Hell Girl has always been more about slowly emerging patterns than propulsive serial storytelling—quietly introducing complications to an established pattern that unobtrusively expose new facets, both visceral and intellectual, of the premise—so it should come as no surprise that rather than build to a climactic story arc, Hell Girl opts instead to thread the personal issues that eventually comprise the climax into the kind of largely episodic tales it has always told.
The genius of Hell Girl is its ability to put viewers in a position where their head understands Hajime's moral objections but their heart still yearns for the brutal punishment that only Hell Girl can mete out. Even when winding up its first season the series doesn't forget that. The world is nasty and unforgiving, good people meet only misfortune, happiness never survives the influence of evil people, the villains are vile enough to deserve every ounce of pain hell can deliver (the deranged, doll-obsessed mother-in-law is perhaps the vilest yet), and whenever Hell Girl visits them, it's hard not to cheer her on. The slightly dirty satisfaction that comes from watching nasty people meet nasty ends hasn't waned over the course of the series; the train-wreck appeal of the episodes that adhere to the formula remains as powerful as ever.
As does the pervasive atmosphere of eerie dislocation that sets it apart from run-of-the-mill revenge pictures. Takahiro Ōmori continues to combine superb background artistry (particularly beautiful during the flashbacks to medieval Japan and at Hell Girl's home in the underworld), unnaturally perfect character designs, oppressive lighting, and an unsettling score composed of echoing atonal chimes, delicate, haunted vocals and doom-laden guitar to create a world of silently lurking menace and cruel beauty. He favors carefully animated close-ups and meticulously illustrated compositions over slick animation, and slow-building dread over flashy action. The series would be unthinkable without Omori's cold, measured direction, and for the most part he's smart enough to stick to his guns, rarely allowing the elegantly restrained tone of the series to slip.
Sticking to its narrative and stylistic guns doesn't mean that the series is entirely unwilling to experiment.

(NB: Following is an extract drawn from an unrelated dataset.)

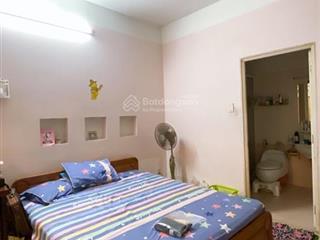 Bán nhà 5 x 19m  xây 4 tầng hẻm số 47 đường bùi đình túy  bán 18.8 tỷ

The psychic-boy episode dabbles in black humor, and the episode in which a man uses Hell Girl as an instrument to fulfill his anonymous obsession with a pure-hearted nurse drives home the amoral nature of Hell Girl's service. Also throughout these eight episodes runs a newly acquired streak of character development which is allowed to slowly grow until it thoroughly dominates the climax. Hajime's relationship with Tsugumi takes on a convincing mix of genuine affection and sometimes harsh intolerance, the regret he feels regarding her mother driving him at times to unforgivable extremes in his quest to convince her of the soul-rending effects of vengeance. Tsugumi's evolving attitude towards revenge not only provides arguably the series' most poignant moments when she realizes that hatred isn't only directed at evil people, but also highlights nicely the childlike naiveté that underlies the worldly demeanor that her single-parent lifestyle has forced her to adopt. Ai Enma's character development is telling in a different way. Though always spooky, Hell Girl doesn't become a bon-a-fide monster until she rediscovers her human emotions, a fact that speaks volumes about the series' approach to horror.
True to Funimation's standard operating procedure, their English adaptation is fairly loosely translated but rarely alters the meaning of a given line and never, ever betrays the intent of a scene. Their willingness to stray from literal translation is rewarded by a script that reads smoothly and naturally, helped immensely by low-key performances to match. Brina Palencia has the unenviable task of following up Mamiko Noto's cold, delicately sensual turn as Hell Girl, and though she wisely opts for interpretation rather than imitation, her voice is sometimes weak and watery when it should be chillingly crystalline. She handles the intensity of the final three episodes well however, and is freed by the English script to do more than simply repeat the same catchphrases over and over. Though Palencia has the lead role, the real star of these episodes is Tsugumi, who Luci Christian invests with such emotional veracity that her every scene is simply heartbreaking. On the strength of her performance alone the emotional impact of the English climax easily surpasses that of the Japanese. It may still seem somewhat out of place in the usually understated series, but in English its heart-tugging power is truly undeniable.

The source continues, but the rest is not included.